Microsoft recommends
optimally having 1 GB of memory per 1 TB of logical data (or at a minimum 350 MB per 1 TB of logical data). Use the Amazon FSx performance table to determine the memory associated with your file system's throughput capacity and ensure the memory resources are sufficient for the size of your data. If it is not, you need to increase the file system's throughput capacity to the level that meets the memory requirements of 1 GB per 1 TB of logical data. Deduplication jobs are configured with the Windows recommended default of 25% memory allocation, which means that for a file system with 32 GB of memory, 8 GB will be available for deduplication. The memory allocation is configurable (using the
Set-FSxDedupSchedule
command with parameter–Memory
). Be aware that using a higher memory allocation for dedup may impact file system performance.You can modify the configuration of deduplication jobs to reduce the amount of memory required. For example, you can constrain the optimization to run on specific file types or folders, or set a minimum file size and age for optimization. We also recommend configuring deduplication jobs to run during idle periods when there is minimal load on your file system.

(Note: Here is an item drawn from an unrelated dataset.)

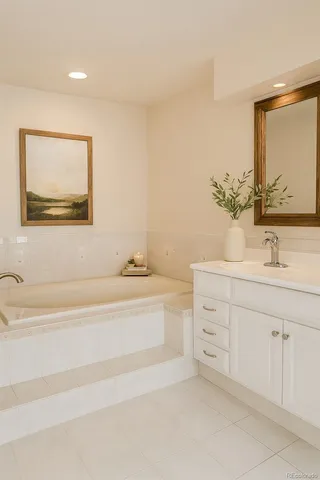 a spacious bathroom with a double vanity sink mirror and bathtub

You may also see errors if deduplication jobs have insufficient time to complete. You may need to change the maximum duration of jobs, as described in Modifying a data deduplication schedule.

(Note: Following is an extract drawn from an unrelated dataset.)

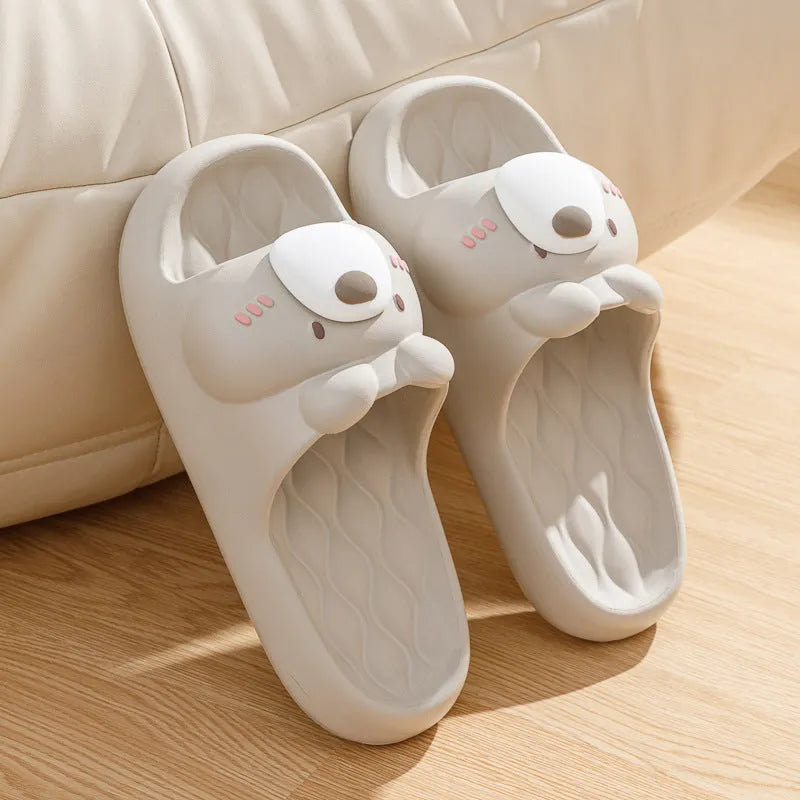 Pair of brown cartoon bear EVA flip flops for adults, toe baring sandal style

If deduplication jobs have been failing for a long period of time, and there have been changes to the data on the file system during this period, subsequent deduplication jobs may require more resources to complete successfully for the first time.
Deduplication values are unexpectedly set to 0
The values for SavedSpace
and OptimizedFilesSavingsRate
are unexpectedly 0 for a file
system on which you have configured data deduplication.
This can occur during the storage optimization process when you increase the file system's storage capacity. When you increase a file system's storage capacity, Amazon FSx cancels existing data deduplication jobs during the storage optimization process, which migrates data from the old disks to the new, larger disks. Amazon FSx resumes data deduplication on the file system once the storage optimization job completes. For more information about increasing storage capacity and storage optimization, see Managing storage capacity.
Space is not freed up on file system after deleting files
The expected behavior of data deduplication is that if the data that was deleted was something that dedup had saved space on, then the space is not actually freed up on your file system until the garbage collection job runs.
A practice you may find helpful is to set the schedule to run the garbage collection job right after you delete a large number of files. After the garbage collection job finishes, you can set the garbage collection schedule back to its original settings. This ensures you can quickly see the space from your deletions immediately.
Use the following procedure to set the garbage collection job to run in 5 minutes.
To verify that data deduplication is enabled, use the
Get-FSxDedupStatus
command. For more information on the command and its expected output, see Viewing the amount of saved space.-
Use the following to set the schedule to run the garbage collection job 5 minutes from now.
$FiveMinutesFromNowUTC = ((get-date).AddMinutes(5)).ToUniversalTime() $DayOfWeek = $FiveMinutesFromNowUTC.DayOfWeek $Time = $FiveMinutesFromNowUTC.ToString("HH:mm") Invoke-Command -ComputerName ${RPS_ENDPOINT} -ConfigurationName FSxRemoteAdmin -ScriptBlock { Set-FSxDedupSchedule -Name "WeeklyGarbageCollection" -Days $Using:DayOfWeek -Start $Using:Time -DurationHours 9 }
-
After the garbage collection job has run and the space has been freed up, set the schedule back to its original settings.